[[ RECORDS SHOWN open ]]
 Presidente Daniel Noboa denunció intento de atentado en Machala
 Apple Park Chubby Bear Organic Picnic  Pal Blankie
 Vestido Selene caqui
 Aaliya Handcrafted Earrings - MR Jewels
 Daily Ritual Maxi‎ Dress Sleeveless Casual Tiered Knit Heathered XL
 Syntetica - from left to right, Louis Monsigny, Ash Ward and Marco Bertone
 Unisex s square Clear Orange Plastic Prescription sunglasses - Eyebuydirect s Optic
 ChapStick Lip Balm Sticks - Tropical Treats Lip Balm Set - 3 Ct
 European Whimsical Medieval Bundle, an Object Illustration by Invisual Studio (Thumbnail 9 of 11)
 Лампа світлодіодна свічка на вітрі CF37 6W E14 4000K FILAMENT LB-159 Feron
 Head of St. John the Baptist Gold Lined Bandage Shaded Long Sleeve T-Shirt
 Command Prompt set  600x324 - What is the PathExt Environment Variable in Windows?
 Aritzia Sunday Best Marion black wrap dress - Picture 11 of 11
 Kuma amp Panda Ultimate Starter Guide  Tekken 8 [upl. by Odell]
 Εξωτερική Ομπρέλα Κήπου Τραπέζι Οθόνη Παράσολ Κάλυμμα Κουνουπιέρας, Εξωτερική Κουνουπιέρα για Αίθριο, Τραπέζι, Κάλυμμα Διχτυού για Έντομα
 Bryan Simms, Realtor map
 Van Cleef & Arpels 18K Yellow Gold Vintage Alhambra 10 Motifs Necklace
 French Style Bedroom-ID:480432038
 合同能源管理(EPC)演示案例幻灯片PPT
[[ RECORDS SHOWN closed ]]
> **INSTRUCTIONS FOR THE TASK**:
Starting from the line with "Kuma amp Panda", write out every remaining line of the data above exactly, the final line included, and nothing before it.

> **RESULT FOR THIS TASK**:
 Kuma amp Panda Ultimate Starter Guide  Tekken 8 [upl. by Odell]
 Εξωτερική Ομπρέλα Κήπου Τραπέζι Οθόνη Παράσολ Κάλυμμα Κουνουπιέρας, Εξωτερική Κουνουπιέρα για Αίθριο, Τραπέζι, Κάλυμμα Διχτυού για Έντομα
 Bryan Simms, Realtor map
 Van Cleef & Arpels 18K Yellow Gold Vintage Alhambra 10 Motifs Necklace
 French Style Bedroom-ID:480432038
 合同能源管理(EPC)演示案例幻灯片PPT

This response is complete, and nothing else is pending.